このエッセイが出版されたのは、今から50年前の1965年。世界的には、ベトナム戦争があったり、マルコムXが暗殺された年です。日本では、海外への渡航が自由化されたばかり。そんな時代に、映画、車、ファッション、料理、音楽、絵画、英語などなど、それらが生まれた場所で、それらに直に触れた人が、真摯にそれらについて語ろうとする言葉の、そのリアリティーに圧倒される。
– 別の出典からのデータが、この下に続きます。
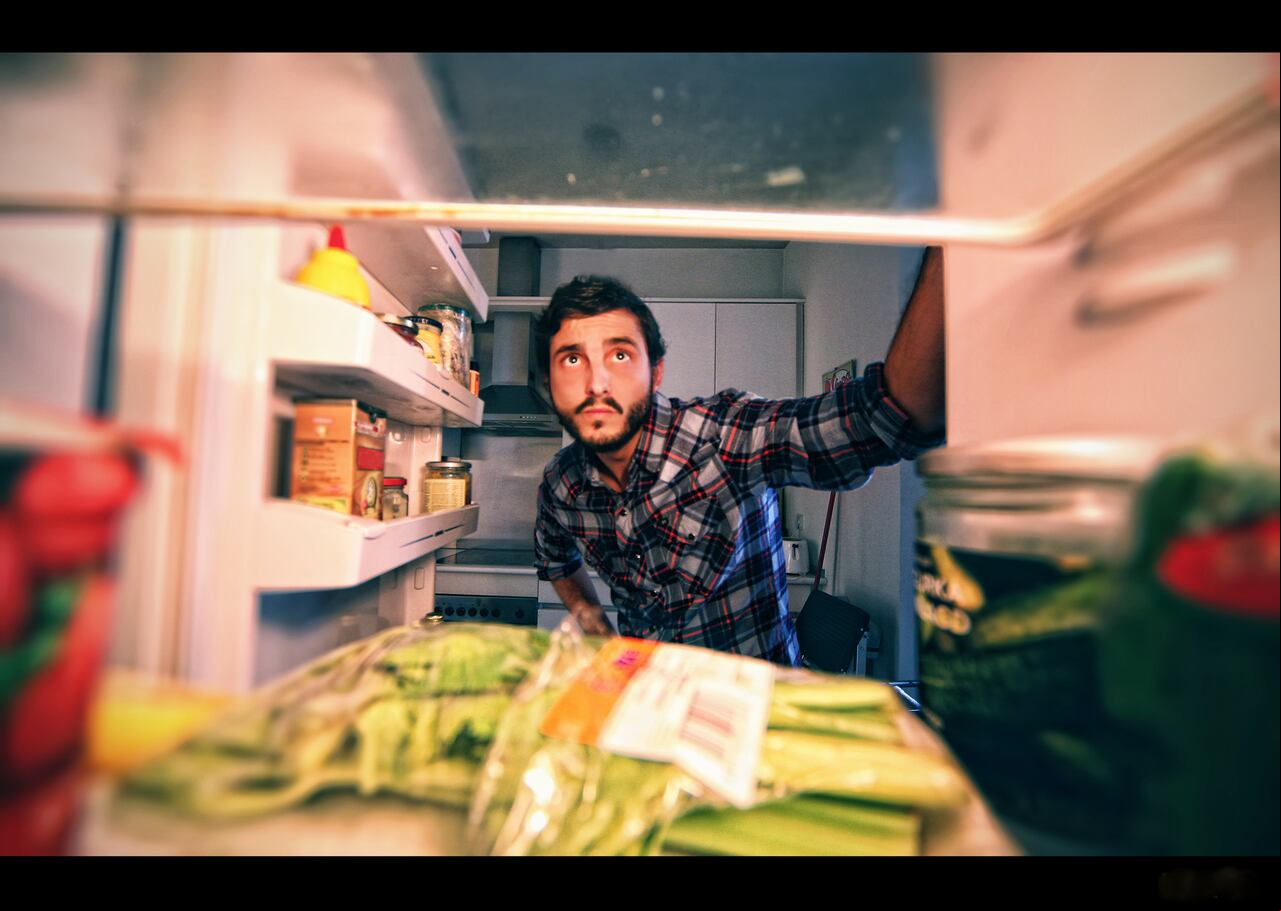 Man looking in refrigerator to find something.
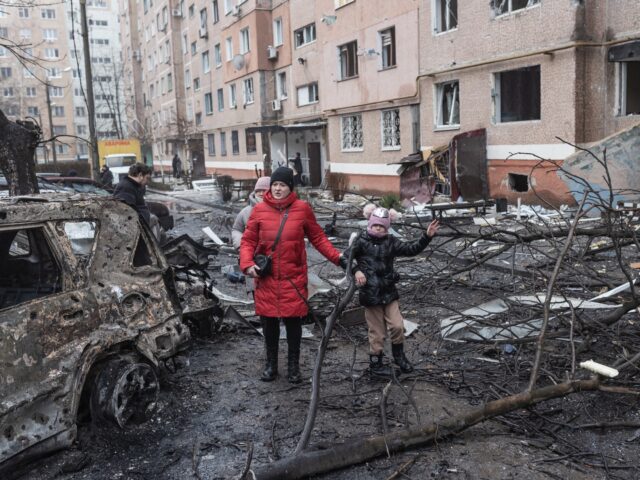 KRAMATORSK, UKRAINE - FEBRUARY 8: A mother and her daughter leave their home, damaged afte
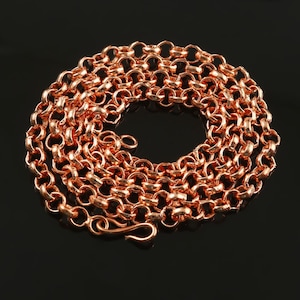 Puede incluir: Un collar de cadena de cobre con cierre de mosquetón. La cadena está hecha de pequeños eslabones redondos.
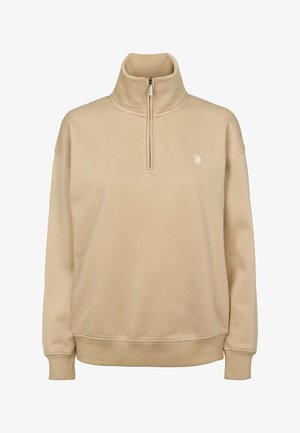 Bézs színű polár pulóver magas gallérral, fél cipzáros elülső résszel, bordázott mandzsettákkal és egy kis hímzett logóval a bal mellrészen.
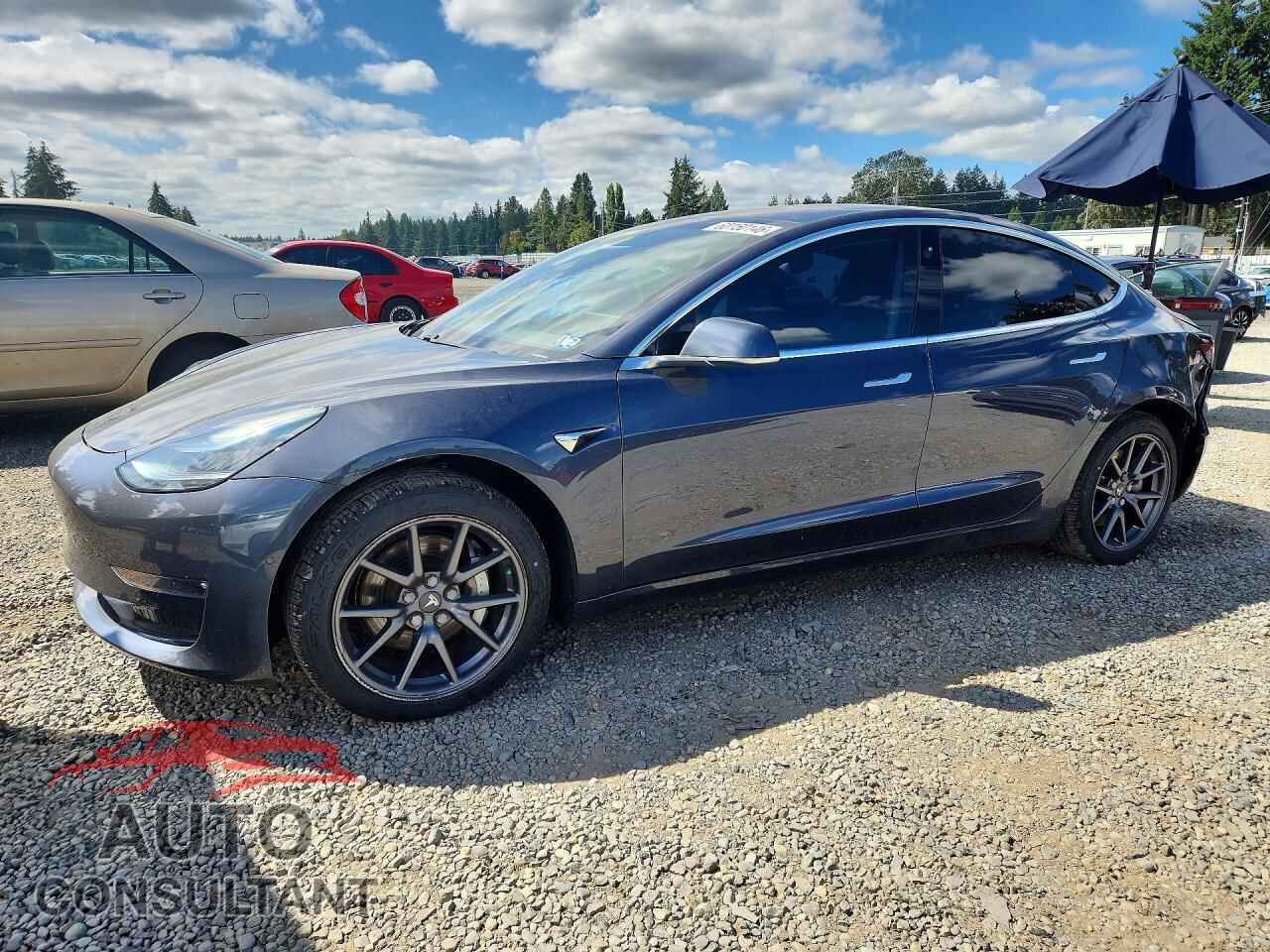 TESLA MODEL 3 2018 - 5YJ3E1EA0JF018877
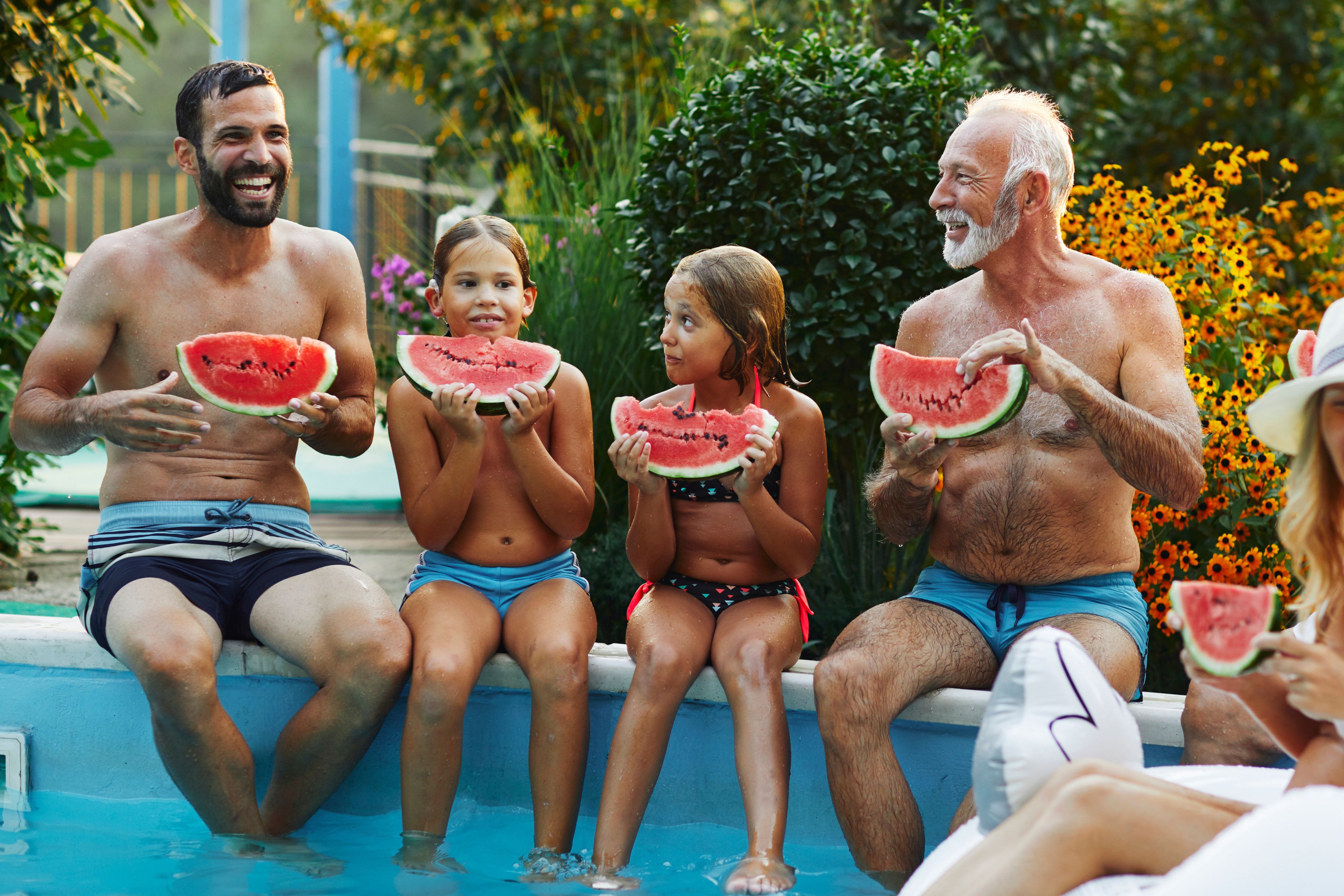 A family enjoys watermelon by the pool at their Labor Day cookout.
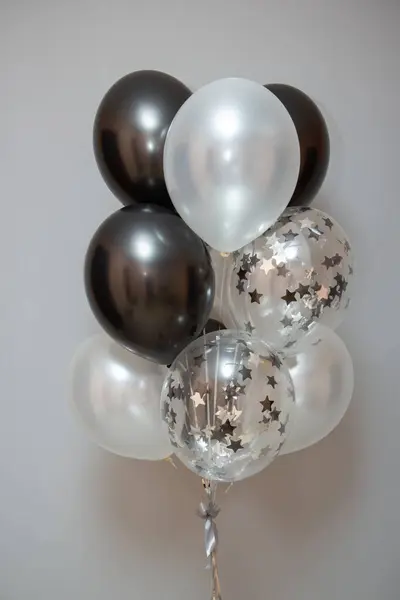 black and silver balloons with helium in the interior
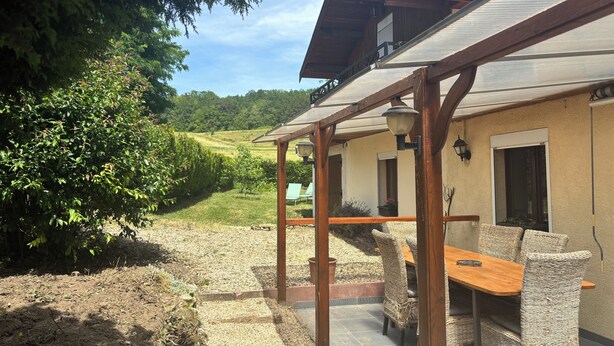 A covered patio area with wicker furniture and a table, overlooking a vineyard.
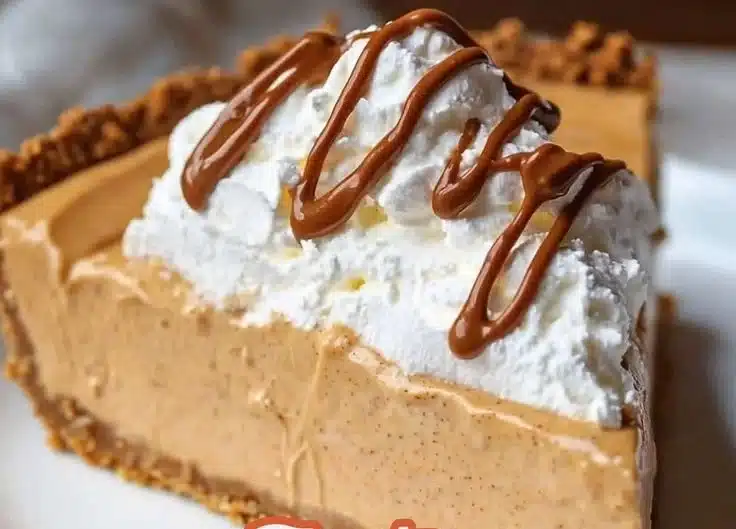 Delicious no bake peanut butter pie topped with whipped cream and chocolate drizzle.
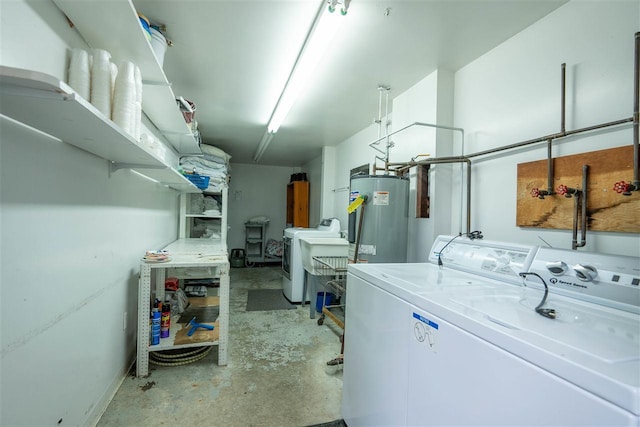 laundry room featuring washer / dryer and gas water heater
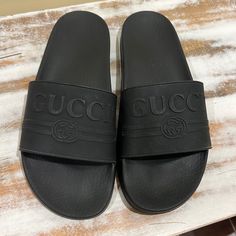 Questions? Leave A Comment Below! Worn Once. Practically Brand New. Casual Gucci Open Toe Slides, Gucci Casual Open Toe Slides, Designer Black Sandals With Rubber Sole, Black Gucci Sandals For Summer, Casual Black Gucci Slides, Black Casual Gucci Slides, Designer Black Slides With Cushioned Footbed, Black Designer Flat Slides, Gucci Black Sandals With Rubber Sole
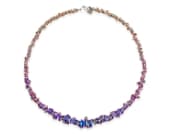 Striking necklace made of hand-formed coils of coloured titanium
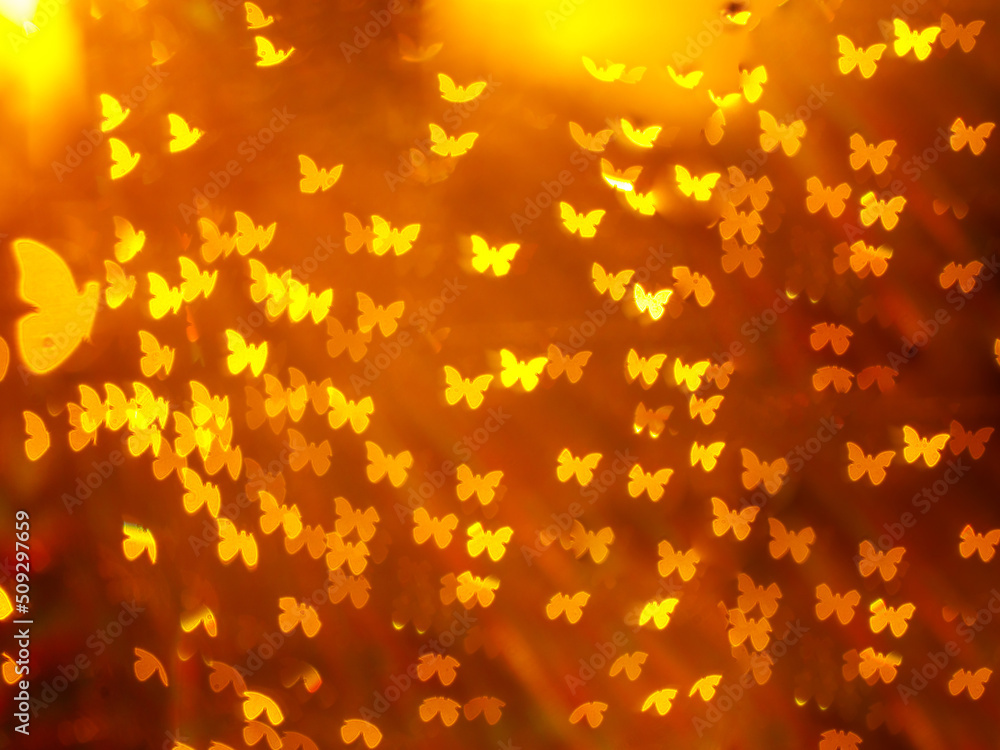abstract yellow butterfly shape bokeh on golden red blurred light background.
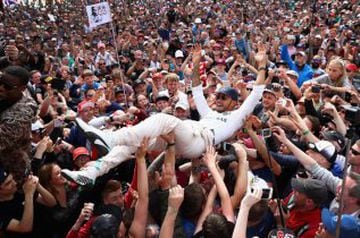 Lewis Hamilton and fans after winning the British GP.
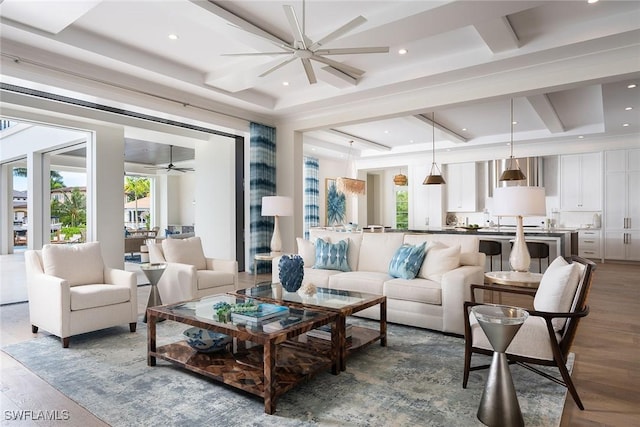 living room featuring wood-type flooring, a wealth of natural light, and ceiling fan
一例を挙げるなら、海外のファッションに流される日本人についてのくだり。

 たとえば、ネクタイとスーツに身を固める以上、人前でズボンをたくし上げたり、ワイシャツをズボンに押し込んだり、チャックを直したり、そういう真似はよしてもらいたいのである。
中略
 エレヴェーターの前に数人の男女が待っていたとする。ドアが開いたとき真先に降りてくるのは男である。また真先に乗り込むのも男である。背広とネクタイに身を固めた男である。恥ずかしいではないか。筋が通らないではないか。(「ヨーロッパ退屈日記」抜粋)

物事の本筋を知ろうとする考え方は、これだけ嘘やパクリが公然としている今の社会には全く合わないかもしれない。でもそうすることでしか得られないものはたくさんあり、そうすることでしか本当の喜びやおもしろさも得られないのでは…と、この本を読んで思うのです。(土澤)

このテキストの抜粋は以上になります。